Sunday, August 12, 2018

On Oracle's QA for MySQL

In my recent blog posts I presented lists of bugs, fixed and not yet fixed, as usual. Working on these lists side tracked me from the main topic of this summer - problems in Oracle's way of handling MySQL. Time to get back on track!

Among things Oracle could do better for MySQL I mentioned QA:
"Oracle's internal QA efforts still seem to be somewhat limited.
We get regression bugs, ASAN failures, debug assertions, crashes, test failures etc in the official releases, and Oracle MySQL still relies a lot on QA by MySQL Community (while not highlighting this fact that much in public)."
I have to explain these in details, as it's common perception for years already that Oracle improved MySQL QA a lot and invests enormously in it, and famous MySQL experts were impressed even 5 years ago:
"Lets take a number we did get the QA team now has 400 person-years of experience on it. Lets say the QA team was 10 people before, and now it is tripled to 30 people. That means the average QA person has over 13 years experience in QA, which is about a year longer than my entire post-college IT career."
I was in the conference hall during that famous keynote, and QA related statements in it sounded mostly funny for me. Now, 5 years later, let me try to explain why just adding people and person-years of experience may not work that well. I'll try to present some examples and lists of bugs, as usual, to prove my points.
Emirates Air Line in London lets you see nice views of London, and it costed a lot, but hardly it's the most efficient public transport system between the North Greenwich Peninsula and Royal Victoria Dock one could imagine.
  1. We still get all kinds of regression bugs reported by MySQL Community for every release, even MySQL 8.0.12. Here is the short list of random recent examples:
    • Bug #90209 - "Performance regression with > 15K tables in MySQL 8.0 (with general tablespaces)".
    • Bug #91878 - "Wrong results with optimizer_switch='derived_merge=OFF';".
    • Bug #91377 - "Can't Initialize MySQl if internal_tmp_disk_storage_engine is set to MYISAM".
    • Bug #90100 - "Year type column have index, query value more than 2156 , the result is wrong".
    • Bug #91927 - "8.0.12 no longer builds with Mac brew-installed ICU".
    • Bug #91975 - "InnoDB: Assertion failure: dict0dd.cc:1071:!fail".
    It means that Oracle's MySQL QA may NOT do enough/proper regression testing. We sometimes can not say this for sure, as Oracle hides some test cases. So, we, users of MySQL, just may not know what was the intention of some recent change (tests should show it even if the fine manual may not be clear enough - a topic for my next post).
  2. We still get valid test failure bugs found by MySQL Community members.
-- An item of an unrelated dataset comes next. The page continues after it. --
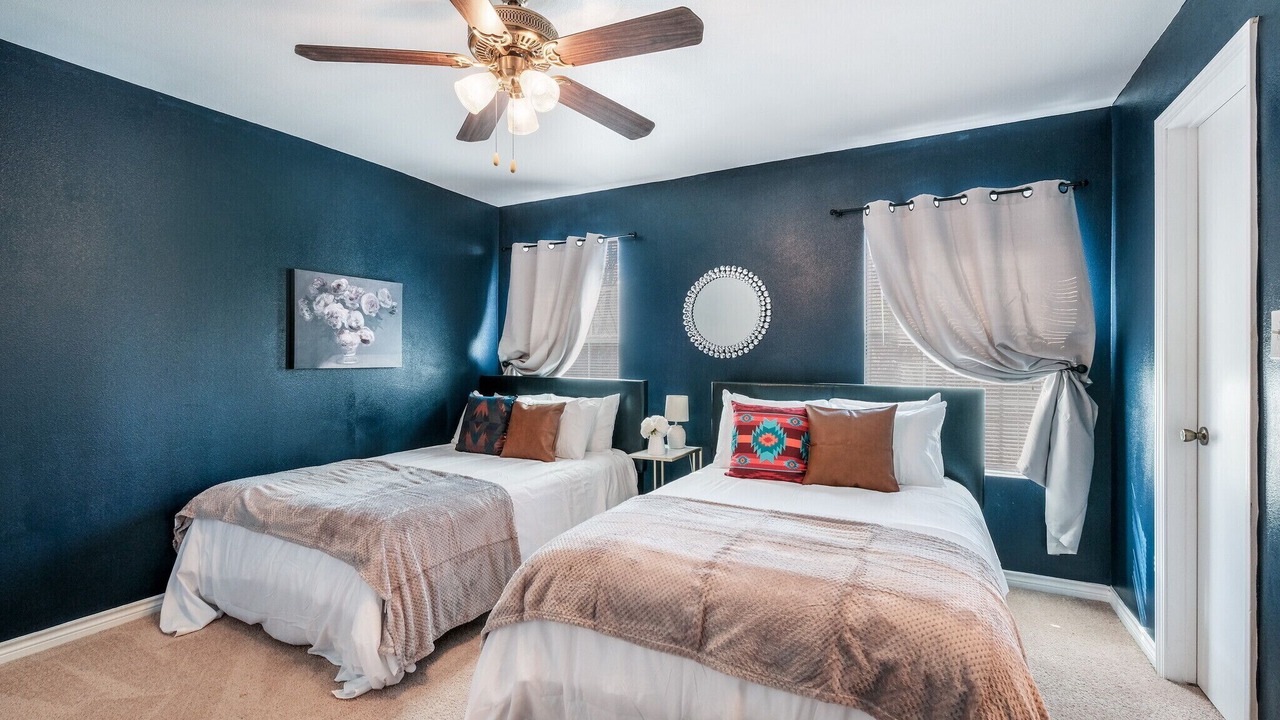 Photo of Bedroom in Medical Center District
Some recent examples follows:
    • Bug #90633 - "innodb_fts.ngram_1 test fails (runs too long probably)".
    • Bug #90608 - "rpl_gtid.rpl_perfschema_applier_status_by_worker_gtid_skipped_transaction fails".
    • Bug #90631 - "perfschema.statement_digest_query_sample test fails sporadically".
    • Bug #89431 - "innodb_undo.truncate_recover MTR test failing with a server error log warning". It's fixed, but only in MySQL 8.0.13.
    • Bug #91175 - "rpl_semi_sync_group_commit_deadlock.test is not simulating flush error ".
    • Bug #91022 - "audit_null.audit_plugin_bugs test always failing".
    • Bug #86110 - "A number of MTR test cases fail when run on a server with no PERFSCHEMA".
    For me it means that Oracle's MySQL QA either do not care to run regression tests suite properly, in enough combination of platforms, options and build types, or they do not analyze the failures they get properly (and release when needed, not when all tests pass on all platforms). This is somewhat scary.
  3. We still get crashing bugs in GA releases. It's hard to notice them as they are got hidden fast or as soon as they get public attention, but they do exist, and the last example, Bug #91928, is discussed here.
  4. It seems some tools that helps to discover code problems may not be used properly/regularly in Oracle. I had a separate post "On Bugs Detected by ASan", where you can find some examples. Lucky we are that Percona engineers test ASan builds of MySQL 5.7 and 8.0 regularly, for years, and contribute back public bug reports.
  5. Oracle's MySQL QA engineers do not write much about their work in public recently. I can find some posts here and there from 2013 and 2014, but very few in recent years. One may say that's because QA engineers are working hard and have no time for blogging (unlike lazy annoying individual like me), but that's not entirely true. There is at least one Oracle engineer who does a lot of QA and makes a lot of information about his work public - Shane Bester - who is brave enough and cares enough to report MySQL bugs in public. Ironically, I doubt he has any formal relation to any of QA teams in Oracle!
  6. A lot of real MySQL QA is still done by MySQL Community, while these efforts are not that much acknowledged recently (you usually get your name mentioned in the official release notes if you submitted a patch, but the fact that you helped Oracle by finding a real bug their QA missed is NOT advertised any more since last Morgan's "Community Release Notes" published 2 years ago). Moreover, only MySQL Community tries to make QA job popular and educate users about proper tools and approaches (Percona and Roel Van de Paar personally are famous for this).
To summarize, for me it seems that real MySQL QA is largely still performed by MySQL Community and in public, while the impact of hidden and maybe huge Oracle's investments in QA is way less clear and visible. Oracle's MySQL QA investments look like those into the Emirates Air Line cable car in London to me - the result is nice to have, but it's the most expensive cable system ever built with a limited efficiency for community as a public transport.

Saturday, August 4, 2018

Fun with Bugs #70 - On MySQL Bug Reports I am Subscribed to, Part VIII

More than 2 months passed since my previous review of active MySQL bug reports I am subscribed to, so it's time to describe what I was interested in this summer.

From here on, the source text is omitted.